Сила этих качеств проявляется с особой ясностью при столкновении с интерпретацией этой пьесы как сознательной или бессознательной автобиографии. В оригинальном эссе73 Лайонеля Эйбелла разрабатывается тезис о том, что в образах Хамма и Поццо Беккет портретирует своего литературного учителя Джеймса Джойса, а Лаки и Клов представляют самого Беккета. В этом случае «Конец игры» превращается в аллегорию отношений между деспотичным, почти слепым Джойсом и преклоняющимся перед ним учеником, находящимся под влиянием учителя. Эти параллели поверхностны: Хамм сочиняет бесконечный роман; по мнению Эйбела, размышление Лаки — пародия на стиль Джойса. При ближайшем рассмотрении эта теория несостоятельна и не потому, что в ней нет ни крупицы истины (каждый писатель вкладывает в творчество свой жизненный опыт), но потому, что лишает «Конец игры» объёма. Эта интерпретация делает пьесу тривиальной. Если «Конец игры» действительно всего лишь тонко замаскированное сведение литературных или личных счётов, то пьеса не воздействовала бы так на публику, которая в большинстве своём не в курсе личных отношений. Кроме того, несомненно, «Конец игры» затрагивает душевные струны многих людей. Проблема взаимоотношений между учителем и учеником вряд ли могла породить такой отклик. Разумеется, пьеса, в основе которой был бы открытый или замаскированный конфликт между Джойсом и Беккетом, пробудила бы любопытство публики, всегда жаждущей автобиографических откровений. Но это не имеетотношения к «Концу игры». Она пробуждает глубокие эмоции универсальностью конфликта. Несмотря на притягательность автобиографических соответствий, такой подход не приводит к пониманию пьесы и её многоуровневых смыслов.

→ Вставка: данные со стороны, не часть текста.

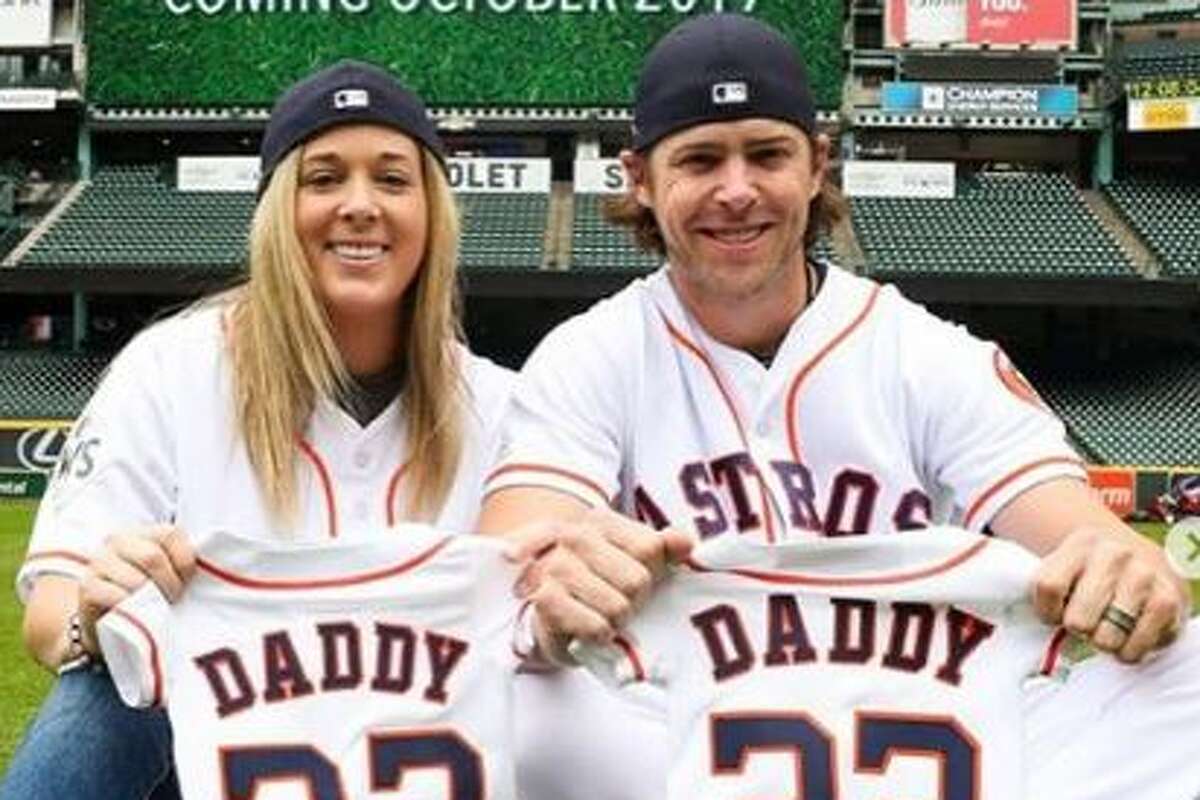 Twins on the way for Astros' Josh Reddick and his wife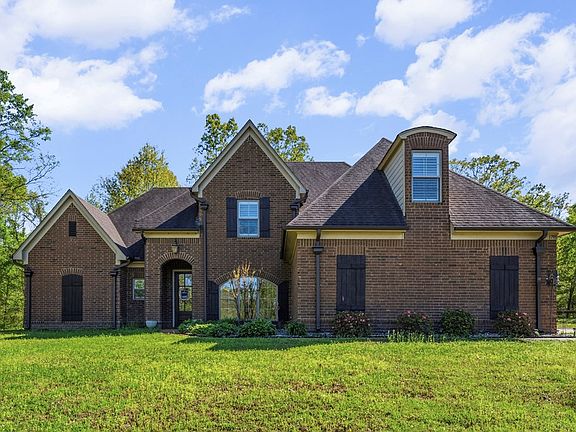2nd image of 1795 Gaines Rd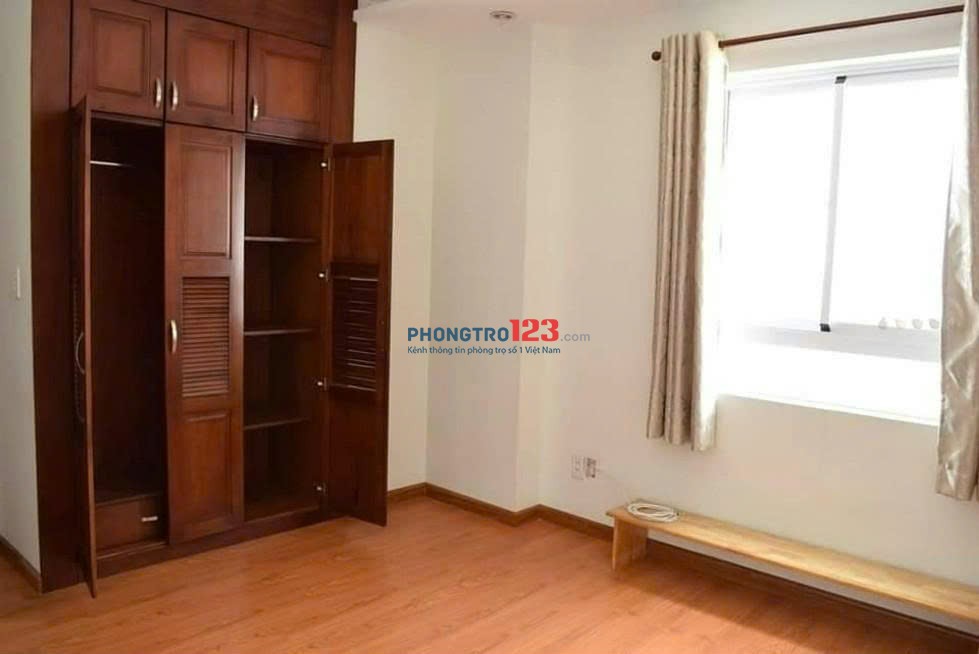 Chung cư Phan Văn Trị, Lê Hồng Phong, Q5:80m2, 2p ngủ, 2wc, 12tr/th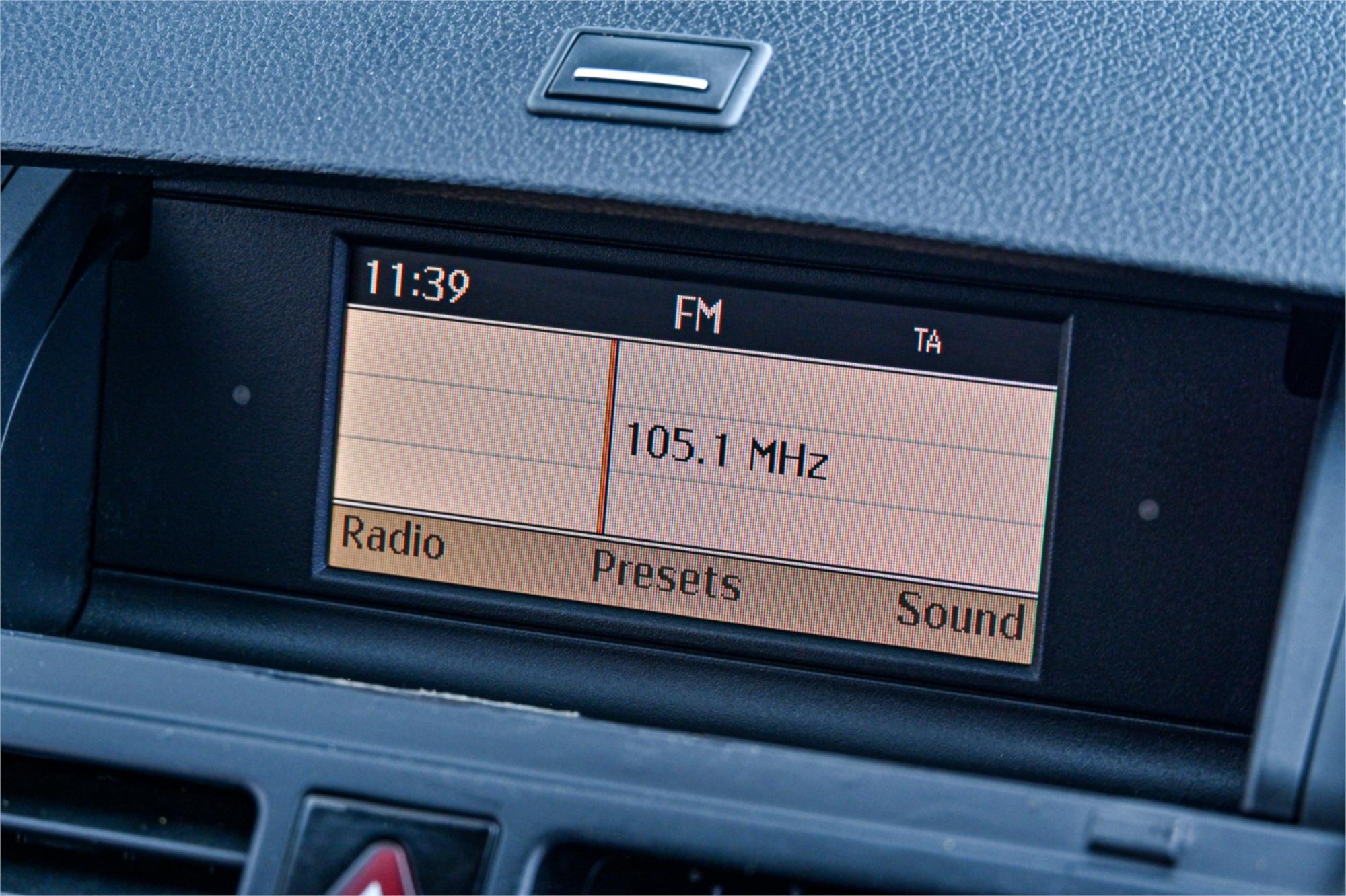 2009 MERCEDES-BENZ C200 W204 KOMPRESSOR AVANTGARDE SE 5 SP AUTOMATIC TIPSHIFT 4D SEDAN
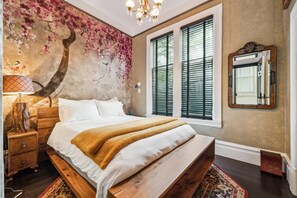 6 soverom, skrivebord, strykejern/-brett og wi-fi (inkludert)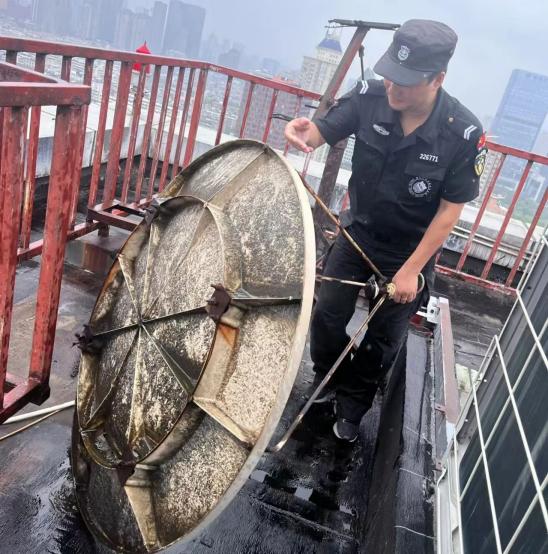 C:/Users/BA/Desktop/風(fēng)雨過(guò)后南京保安迅速行動(dòng)，恢復(fù)安“寧”面貌/11.jpg11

Фактически параллели не столь явны. Речь Лаки в «Ожидании Годо», по мнению Эйбелла, — пародия на стиль Джойса. Если это и пародия, то на философский жаргон и научное пустозвонство, что не свойственно ни Джойсу, ни Беккету. Поццо, который, как считает Эйбел, олицетворяет Джойса, слишком неартистичен в своей первой ипостаси, лишь после того, как ослеп, способен на меланхолические размышления. Но если Поццо — Джойс, что должна означать немота Лаки, поразившая его одновременно со слепотой Поццо? Роман, который сочиняет Хамм в «Конце игры», отличается научной точностью, и можно предположить, что это вовсе не художественное произведение, но тонко замаскированное выражение чувства вины Хамма за поведение во время таинственной катастрофы, когда он отказался спасать соседей. С другой стороны, Клов не проявляет ни малейшего интереса к «Work in Progress» Хамма, и Хамм вынужден подкупать дряхлого отца, чтобы тот слушал — ситуация, которую невозможно представить в отношениях Джойса и Беккета.